- **What is required**
Using the entries below, write out the line with "Sechs schräge Figuren", the line with "Used Electronic sensor", and every line in between, exactly as each is written.

- **Dataset content**
-=-=-
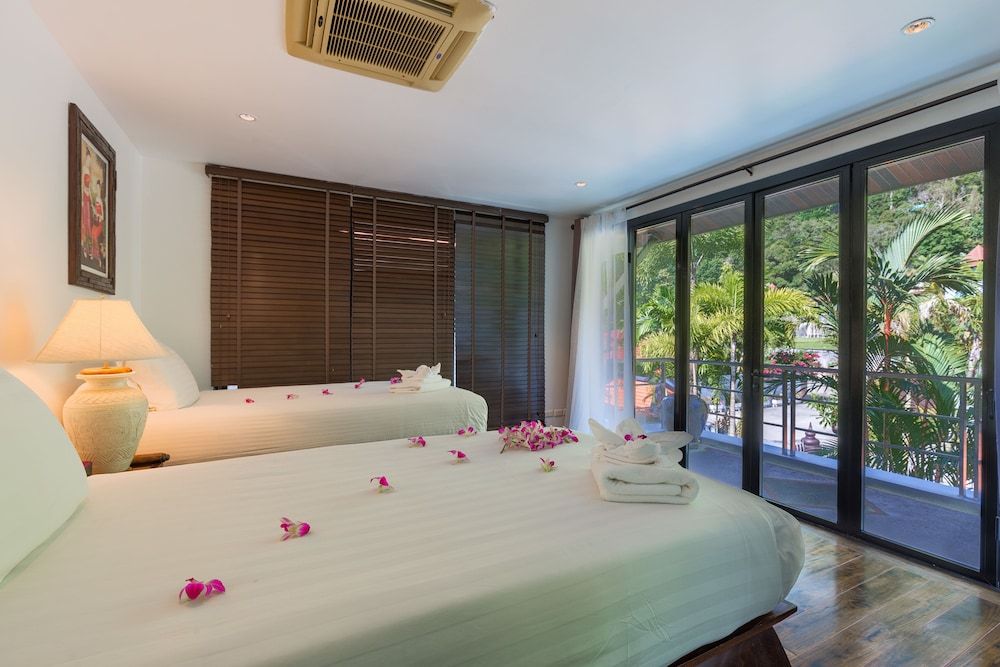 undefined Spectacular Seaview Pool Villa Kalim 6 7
-=-=-
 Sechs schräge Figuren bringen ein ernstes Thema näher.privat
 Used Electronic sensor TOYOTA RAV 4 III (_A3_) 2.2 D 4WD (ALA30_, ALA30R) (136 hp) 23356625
-=-=-
- **Response below**
 Sechs schräge Figuren bringen ein ernstes Thema näher.privat
 Used Electronic sensor TOYOTA RAV 4 III (_A3_) 2.2 D 4WD (ALA30_, ALA30R) (136 hp) 23356625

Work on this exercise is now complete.